Gepubliceerd op 03-02-2023

sneeuw

betekenis & definitie

1. In de verb. zwarte sneeuw, armoede, ellende; veel zwarte sneeuw gezien, zien vliegen hebben, veel armoede, ellende gekend hebben; veel doorstaan, meegemaakt hebben.

Pierewitje maakte een harde jeugd door en zag veel zwarte sneeuw vliegen, VAN LOOV 1945, 90.

Een jaar later sloot ik mijn winkel, omdat mijn man mij toch langs alle kanten bestal. Dat heb ik hem nooit vergeven. Ik heb zwarte sneeuw zien vliegen, Luc, LAUWENS 1973, 70.

2. M. betr. t. eiwitten: tot sneeuw kloppen, stijf kloppen. (Gall., naar fr. battre des oeufs en neige).

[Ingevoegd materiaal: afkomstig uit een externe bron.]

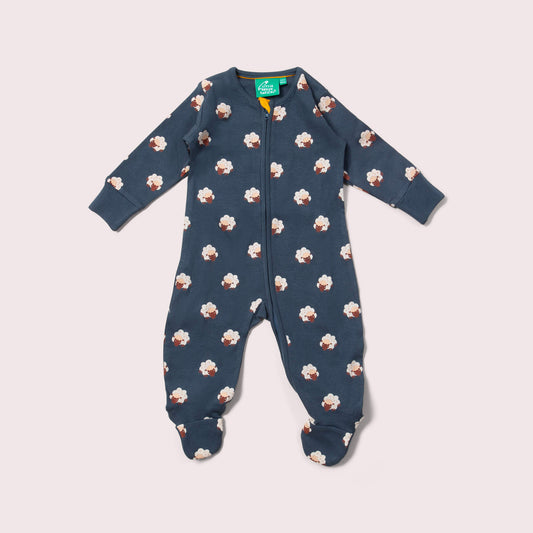 Sleeping Sheep Zip Organic Babygrow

De eiwitten van 6 eieren tot stevige sneeuw kloppen met 4 soeplepels fijne suiker en snuifje zout, Vrouw en Wereld juli/aug. 1974, p. 72.

Laat het beslag een uur rusten en op het ogenblik dat u het gaat gebruiken roert u er voorzichtig de twee tot sneeuw geklopte eiwitten doorheen, Kookkunst 5, 55 (c.1977).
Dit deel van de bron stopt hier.